Salazar, who runs coffee hotel Casa Cafeòlogo, is here for the weather, altitude, and soil.

Los Altos de Chiapas began producing coffee only 70 years ago, which, relatively speaking, makes the growing region relatively young. Consequentially, the producers here are open to experimentation, and Salazar works with 16 different producers to this end to improve their quality. He teaches picking techniques, processing methods, roasting, and cupping. Some of his projects include cherry picking instruction, process experimentation, roasting, and cupping. In San Cristobal, Salazar owns and operates a roastery and cafe called Carajillo, where he employs the sons and daughters of some of the producers he works with—when they return to their parents’ farms, they’ll be better informed about the extension of the coffee chain, and able to inform larger decisions about production.

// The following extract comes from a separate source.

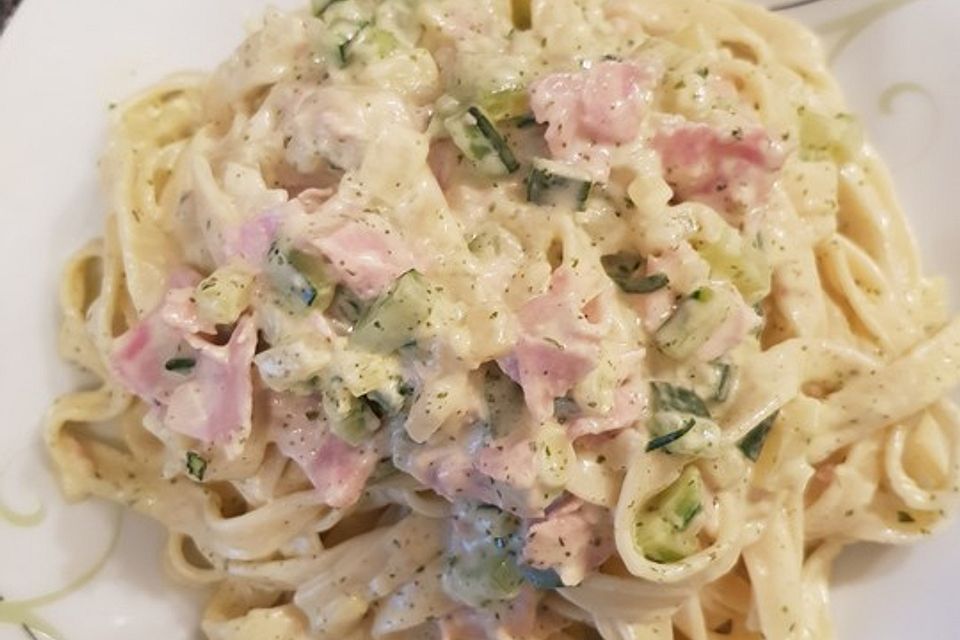 Tagliatelle mit Frischkäse - Zucchini - Sauce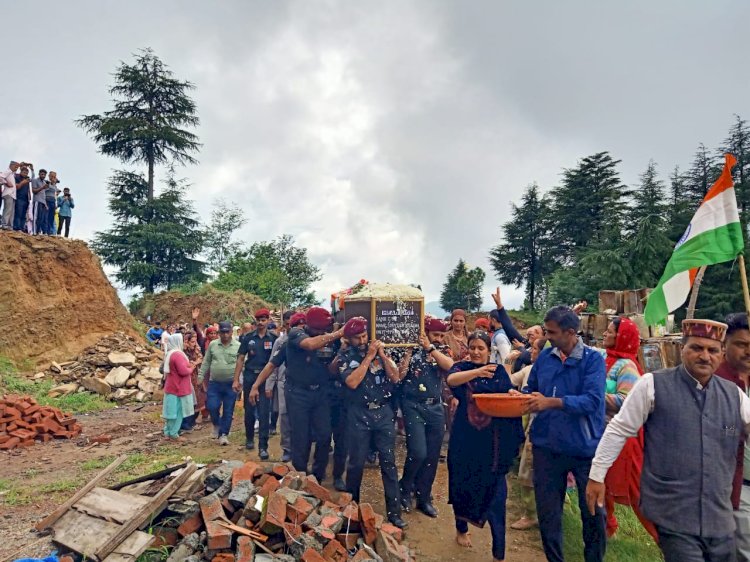 शहीद प्रवीण शर्मा को दी सैन्य सम्मान अश्रुपूर्ण विदाई..    शहीद प्रवीण शर्मा अमर रहे के नारों से गूंज उठा पाहलु गांव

As of 2010, Mexico was the world’s largest producer of certified organic coffee by volume in the world, and that doesn’t factor in the large amount of coffee grown by producers who lack certification due to its cost, but adhere to organic production practices nonetheless. All the producers Salazar works with grow organic coffee.

Pedro Vázquez is one such producer, with his whole family involved in the farm. Two of his daughters work with Salazar at Carajillo, one as a roaster and cupper in-training and the other as a barista. His wife oversees the Vázquez farm’s harvest, while their other three daughters live on the farm.

Ann and Pedro Vázquez

The Vázquez farm used to grow sugar cane, but 30 years ago was converted to coffee production. The Vázquez family now grows Bourbon and Typica varieties, and has survived an outbreak of Coffee Leaf Rust, when two-thirds of their crop was destroyed. The Vázquez family hopes to produce Pacamara and Marago coffees in the future, and are now laying the groundwork for increased production quality by taking care of their soil and planting shade trees.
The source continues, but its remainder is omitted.